De vijfde opdracht gebruikt de cmdlet Undo-Transaction om de transactie terug te draaien. Als gevolg hiervan worden alle opdrachten die in de transactie worden uitgevoerd, omgekeerd.

De laatste opdracht gebruikt de methode ToString om de resulterende waarde van $TransactedString weer te geven als een tekenreeks. De resultaten laten zien dat alleen de wijzigingen die buiten de transactie zijn aangebracht, zijn toegepast op het object.

Parameters

-TransactedScript

Hiermee geeft u het scriptblok op dat wordt uitgevoerd in de transactie. Voer een geldig scriptblok tussen accolades in ( { } ).

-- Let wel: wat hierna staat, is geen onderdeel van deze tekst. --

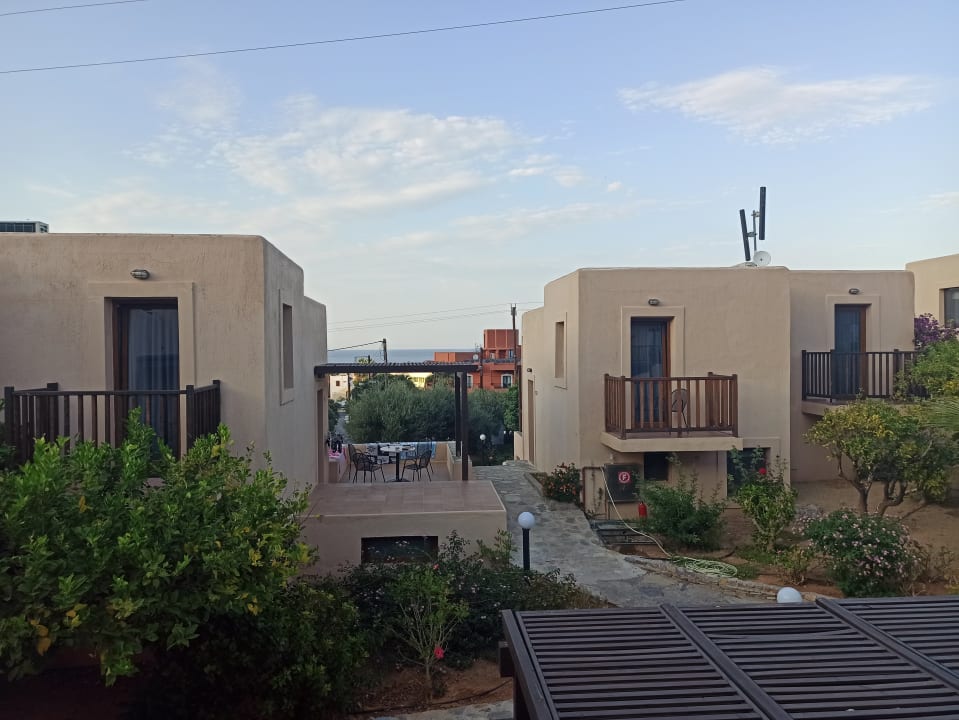 Außenansicht Apartments Ida Village I & II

Deze parameter is vereist.

Type:ScriptBlock
Position:0
Default value:None
Required:True
Accept pipeline input:False
Accept wildcard characters:False

-UseTransaction

Hiermee wordt de opdracht opgenomen in de actieve transactie. Deze parameter is alleen geldig wanneer een transactie wordt uitgevoerd. Zie about_Transactions voor meer informatie.

Type:SwitchParameter
Aliases:usetx
Position:Named
Default value:False
Required:False
Accept pipeline input:False
Accept wildcard characters:False

Invoerwaarden

None

U kunt geen invoer doorsnijden naar deze cmdlet.

Uitvoerwaarden

PSObject

Deze cmdlet retourneert het resultaat van de transactie.

Notities

  • De parameter UseTransaction bevat de opdracht in de actieve transactie. Omdat de Use-Transaction-cmdlet altijd wordt gebruikt in transacties, is deze parameter vereist om elke Use-Transaction-opdracht effectief te maken.